El mundo entero está esperando una vacuna de COVID-19 para acabar con la pandemia. Los últimos informes de noticias nos han dado cierta esperanza de que una vacuna podría estar disponible pronto, pero aún no está aquí.

Ansiamos volver a nuestro modo de vida normal. Necesitamos tener conversaciones reales en persona en lugar de las que se realizan a través de videoconferencia. Necesitamos dejar de vivir con miedo. Necesitamos que los conflictos y tensiones que han surgido entre las personas debido a esta pandemia terminen.

Cuando realmente nos enganchamos y practicamos el discernimiento de espíritus de Ignacio, el Señor nos bendice con una mayor confianza en Él, mientras aprendemos a abandonarnos a su divina providencia. Aprendemos a buscar la serenidad y la paz incluso en medio de los problemas externos del mundo o la desolación interna dentro de nosotros.

No podemos detener personalmente la pandemia. No siempre podemos controlar la agitación dentro de nuestros propios corazones. Sin embargo, podemos vivir en cada momento providencial. Podemos dirigirnos al Señor ahora mismo.

Ahora mismo, el Señor nos da el tiempo litúrgico de Adviento. Al escuchar las profecías de los profetas del Antiguo Testamento en la Misa, tomamos su actitud de expectativa mientras esperan la llegada del Mesías.
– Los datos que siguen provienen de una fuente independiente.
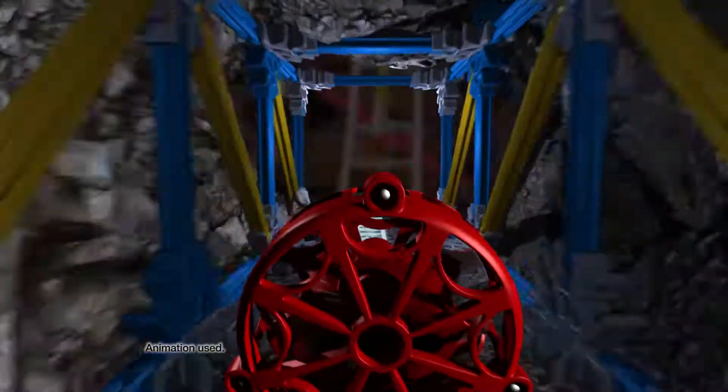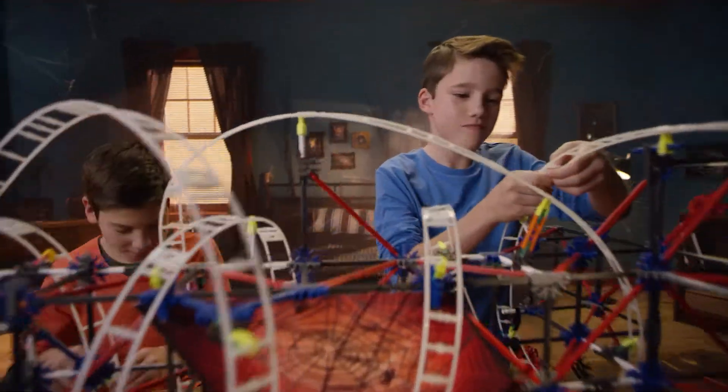Get ready to go for a spin with the new K'nex ProRides Webweaver Coaster. Build and design your own Webweaver Coaster. Then turn off the lights.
Nosotros, en cierto sentido, nos ponemos en los zapatos de los antiguos israelitas, nuestros antepasados en la fe. Considere cómo toda sus vidas se orientaron hacia este Mesías largamente esperado. Su propia identidad como pueblo era una de expectativa y esperanza.

Animo a los católicos a descubrir el discernimiento de los espíritus de San Ignacio como un gran tesoro para sus vidas espirituales. Todo el mundo tiene estos sentimientos en el corazón humano: alegría y dolor, esperanza y desesperación, miedo y ansiedad, pero no todo el mundo sabe qué hacer con ellos. Ignacio nos ayuda a reconocer su significado y a poner nuestra confianza y esperanza en el Dios vivo. Traducido con la versión gratuita del Traductor de DeepL.